Combined with the rise in property value across Seattle and King County, the city is projecting a future of lower property taxes without having to cut back on important projects and services.
How to Budget For This Tax Rate
As mentioned before, it is important when considering how much you can afford in Seattle's housing market to take into account annual taxes.
While that median price of $5400 a year in property tax may sound like it is unreasonable, you should first break it up into monthly payments. Remember, you aren't required to pay all of that money at once.
If you buy a home priced in the median range for Seattle ($530k), then you would be looking at an estimated $450 a month in taxes. That seems a lot more digestible, right?
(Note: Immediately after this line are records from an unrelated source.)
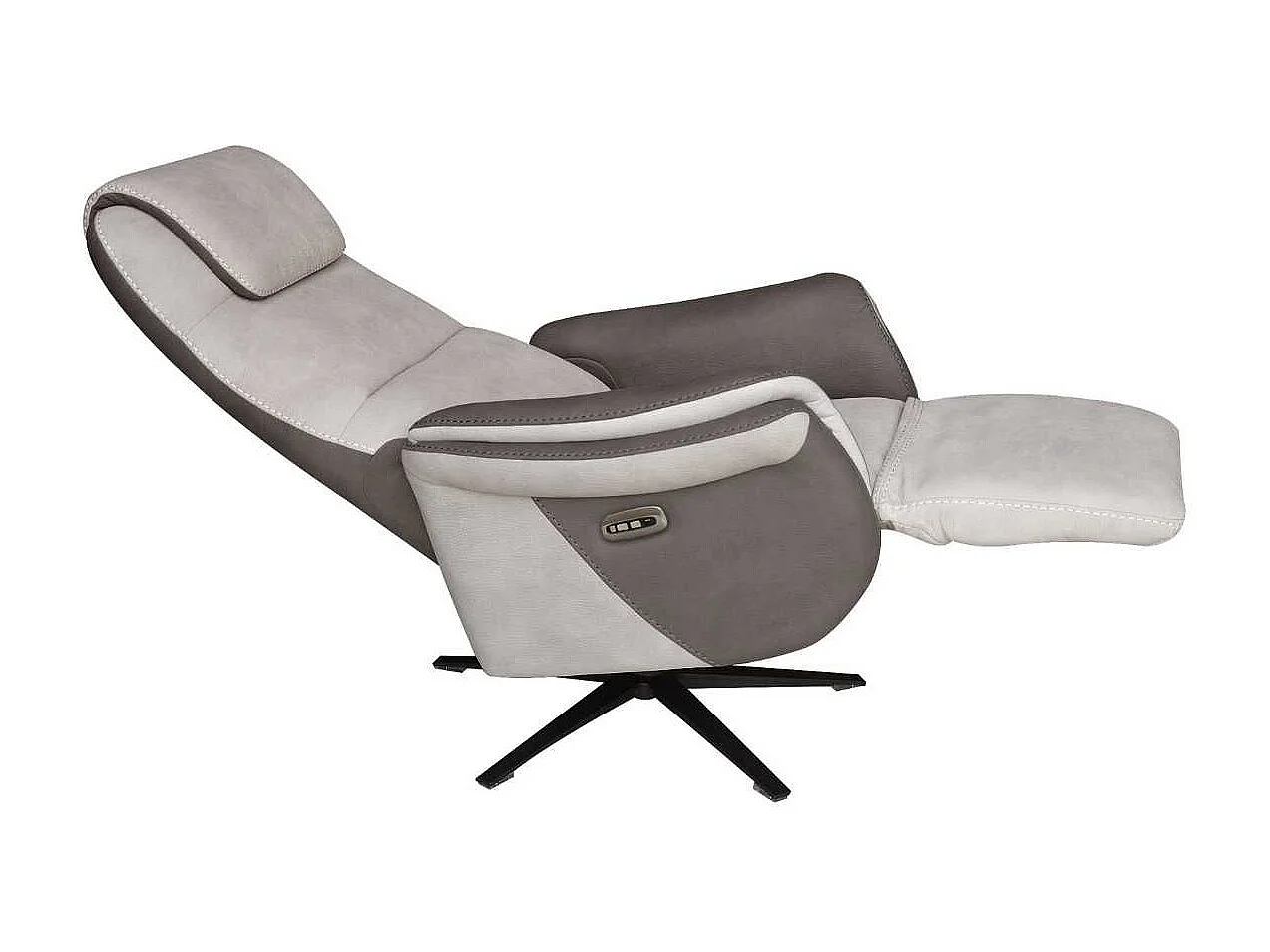 Fauteuil relax électrique pivotant tissu micro peau brun et mastic - NADIR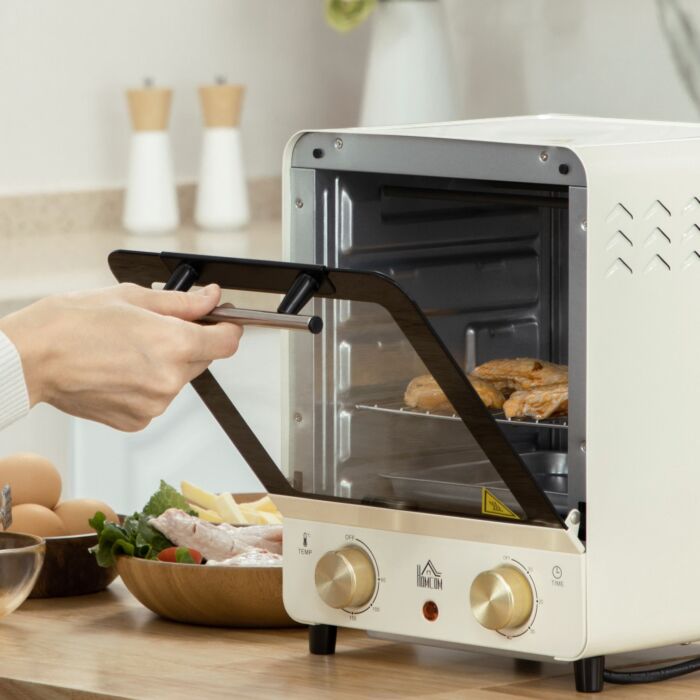 Homcom Convection Mini Oven, 15l Electric Oven & Grill W/ Adjustable Temperature, Timer, Baking Tray, Wire Rack, Crumb Tray, 1000w, Cream White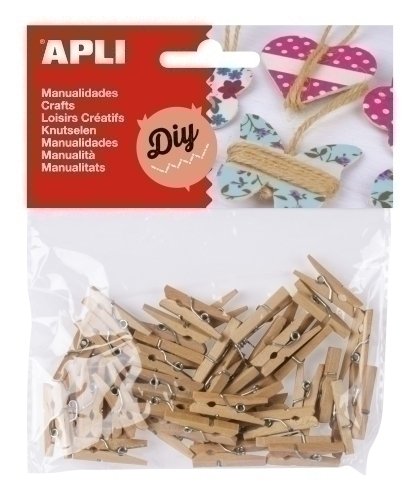 APLI - PINZAS MINI 25x3 MADERA NATURAL BOLSA de 45 (Ref.13478)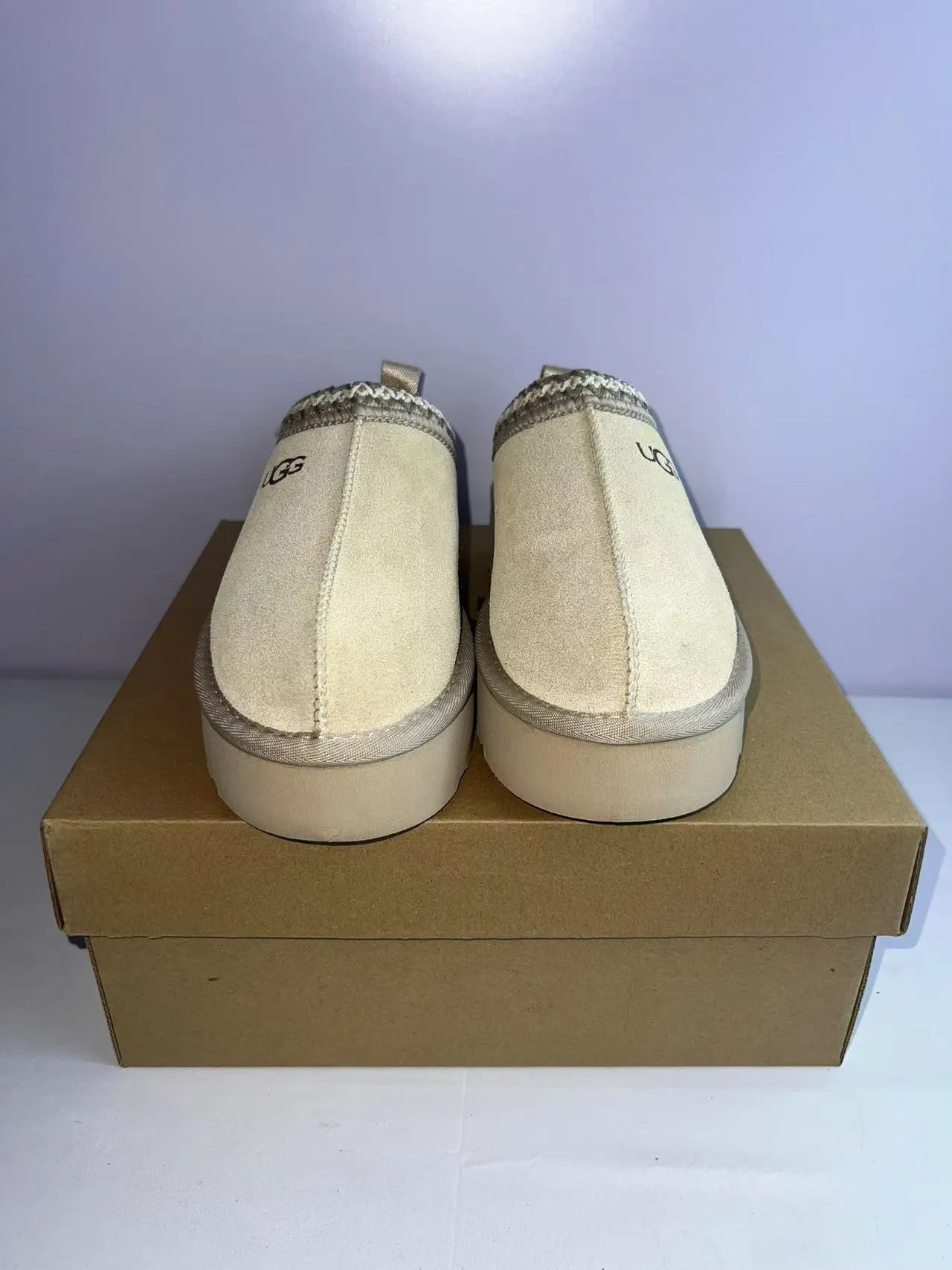 UGG بيج ذهبي قاعدة منصة ياقة تريكو محترفة أحذية كاجوال 6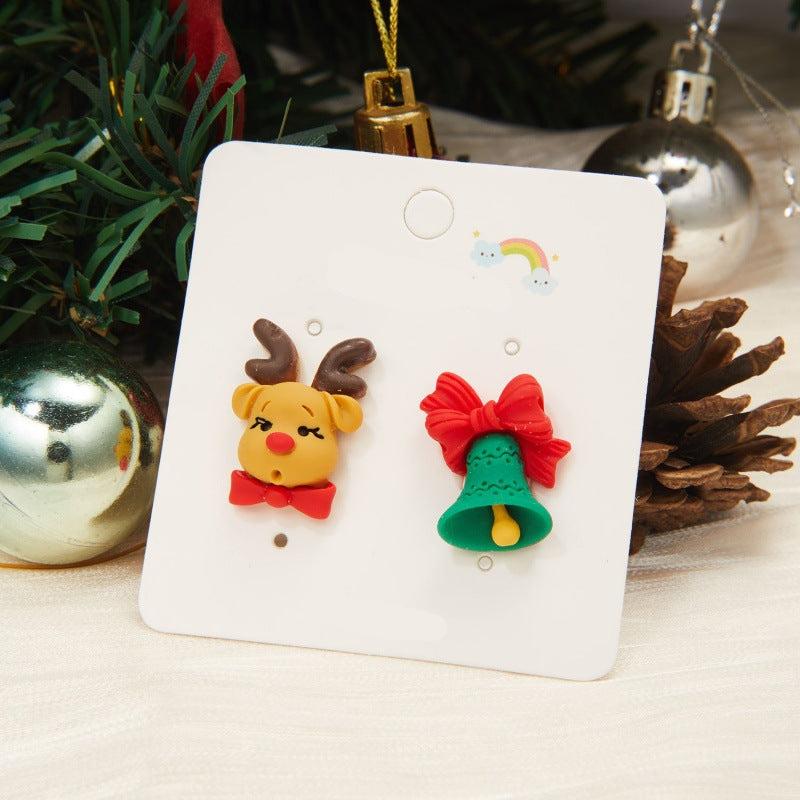 Fashion Creative Christmas Tree Santa Claus Snowman Asymmetric Earrings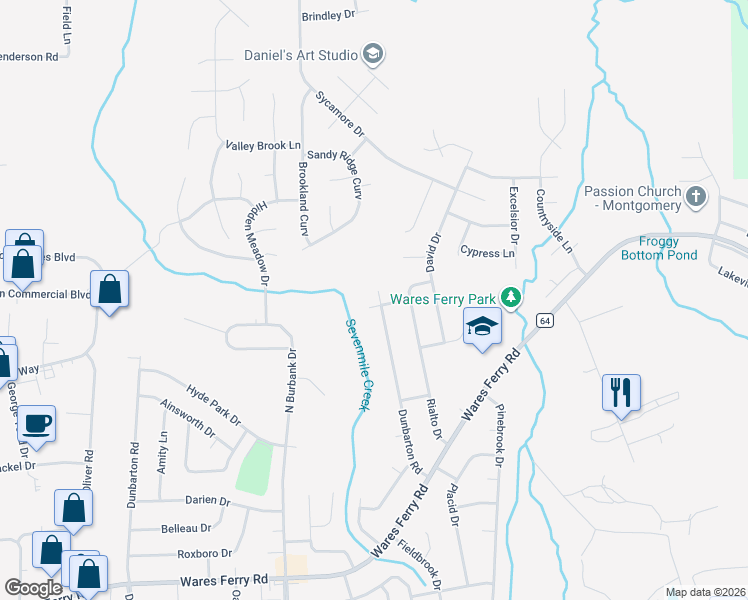 map of restaurants, bars, coffee shops, grocery stores, and more near 1289 Dunbarton Road in Montgomery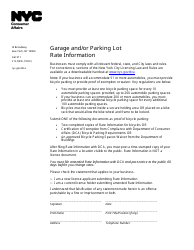 Garage and/or Parking Lot Amended Rate Information - New York City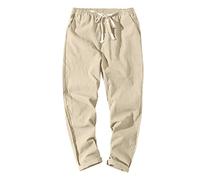 QWUVEDS Pantalon de loisirs en lin japonais en coton et lin pour homme - Style sportif - Pieds étroits - Moderne, kaki, M
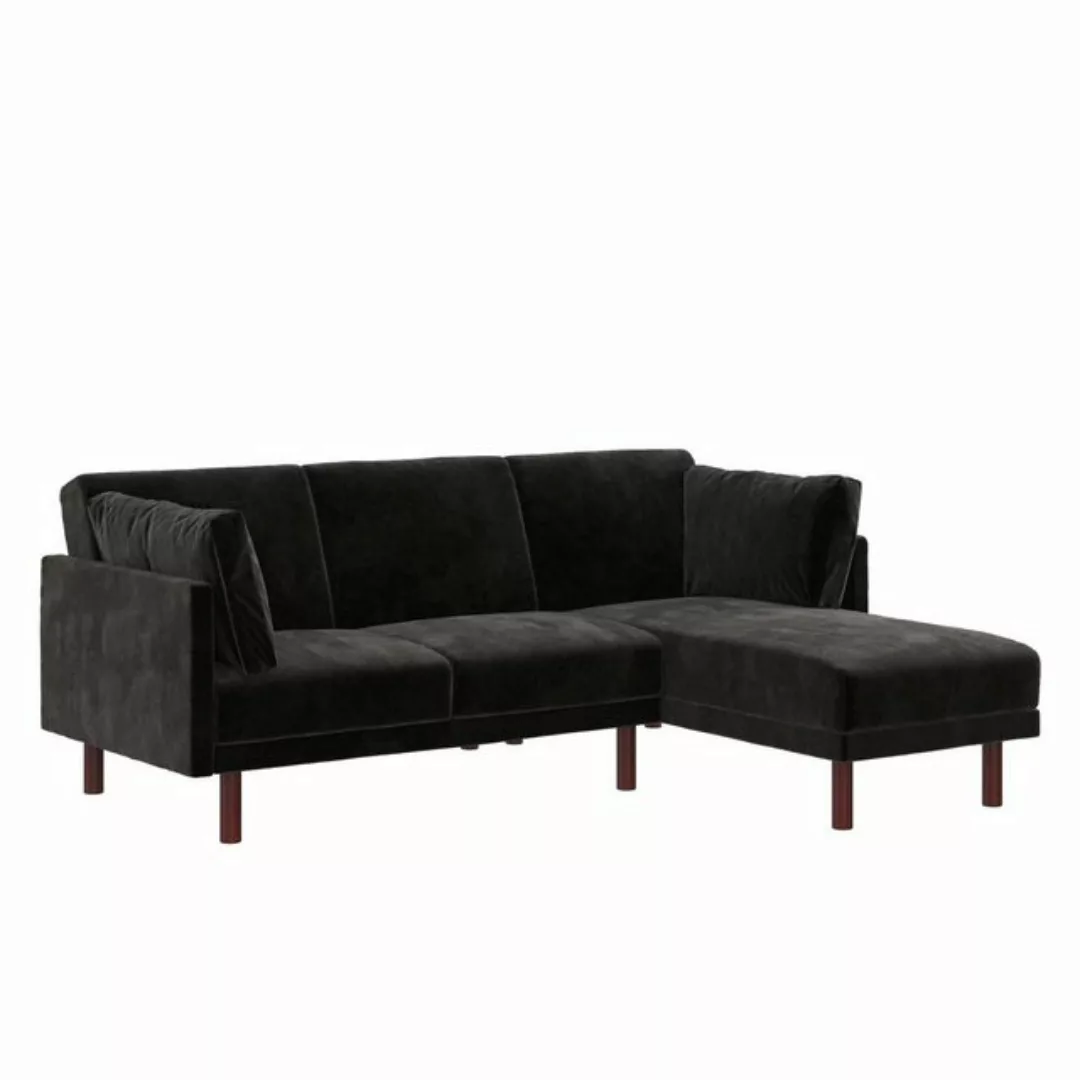 loft24 Schlafsofa Clair, Sofa mit Recamiere, Breite 205 cm, Samtoptik günstig online kaufen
And remember, if you buy a home at a lower cost, your annual property tax payment will be lower as well. Keep this in mind when you are determining how much home you can really afford in Seattle.
You may even consider more outlying areas around the city such as Bellevue, Renton, Shoreline, and even Tukwila. The tax rate is going to be the same in these locations, but the median home cost in Tukwila, for example, is closer to $350,000.
Other Taxes to Factor
If you are still shaking your head at the property tax rate here in Seattle, you should consider some of the other forms of taxes you won't be paying in Washington.
Washington is one of the few states that does not collect personal income tax, as well as no corporate tax! That's one of the many reasons that industry is so big here in Seattle.
We are home to four of the country's largest corporations including Amazon, Microsoft, Boeing, and Starbucks. There is also a very generous job market and a much higher minimum wage. In Seattle, specifically, the minimum wage is set at $15 an hour. That's more than double the national rate.
So while you may be spending a bit more in property taxes, you also have a lot more going for you in regards to income and savings.
Make Seattle Your Home
Don't let the Seattle property tax scare you away from buying a home in this incredible city. There is so much to offer here that keeps the quality of life high.
Just remember, when it comes to budgeting for your mortgage, don't forget to factor in the cost of taxes into your monthly payments. This will save you from scrambling at the end of the year to make due.